Photos de famille, télévision, théière orientale et plat en céramique : la municipalité leur a fourni tout le mobilier, si bien qu’on pourrait penser que la famille a toujours vécu ici. « On n’imaginait pas que ça se passerait si bien en France. Qu’on aurait un appartement, les enfants à l’école… Avec nos voisins, des Français, ça se passe très bien. Ils nous aident pour faire les démarches administratives », s’enthousiasme Ali, qui dispose maintenant d’un titre de séjour de dix ans.
« Un pays social »
Ali était journaliste pour la ville de Bagdad quand une bombe a explosé devant leur maison. Tahriir en a encore des morceaux dans le corps. C’est à ce moment-là qu’ils ont décidé de partir.

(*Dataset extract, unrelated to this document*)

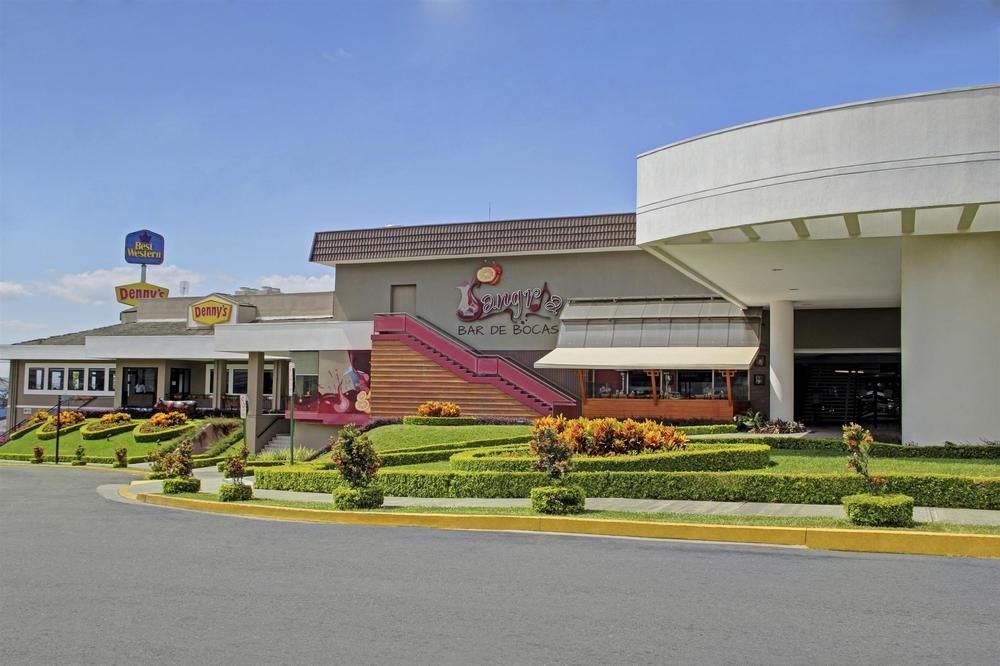 Irazú Hotel & Studios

C’était en 2014.
Au bout de plusieurs mois passés en Turquie, la famille a payé un passeur (environ 8 000 €) pour aller « peu importe où, tant que c’était en Europe », se souvient Ali, cheveux gominés et cigarette électronique à la bouche.
Après un long voyage, essentiellement à pied, une carte à la main, jusqu’en Hongrie, ils sont arrivés en Allemagne. C’est là que la France leur a proposé, ainsi qu’à quelques centaines d’autres personnes, de trouver refuge dans l’Hexagone. Ce qu’ils ont accepté : « On s’est dit que ce serait mieux pour les enfants ici, que c’est un pays social », se réjouit Ali, entre deux gorgées de thé à la cardamome.
Aujourd’hui, lui cherche un travail de mécanicien, elle, une formation dans la coiffure, « mais si on accepte que je travaille en arabe, je suis prête à tout ! », sourit Tahriir, chemise bleue et cheveux au carré.
Leur manque de maîtrise du français reste en effet le principal frein à leur accès au travail alors, quand ils ne sont pas à un de leurs nombreux rendez-vous administratifs, Ali et Tahriir passent une grande partie de leur temps à essayer de progresser dans la langue de Molière en regardant des vidéos, par exemple.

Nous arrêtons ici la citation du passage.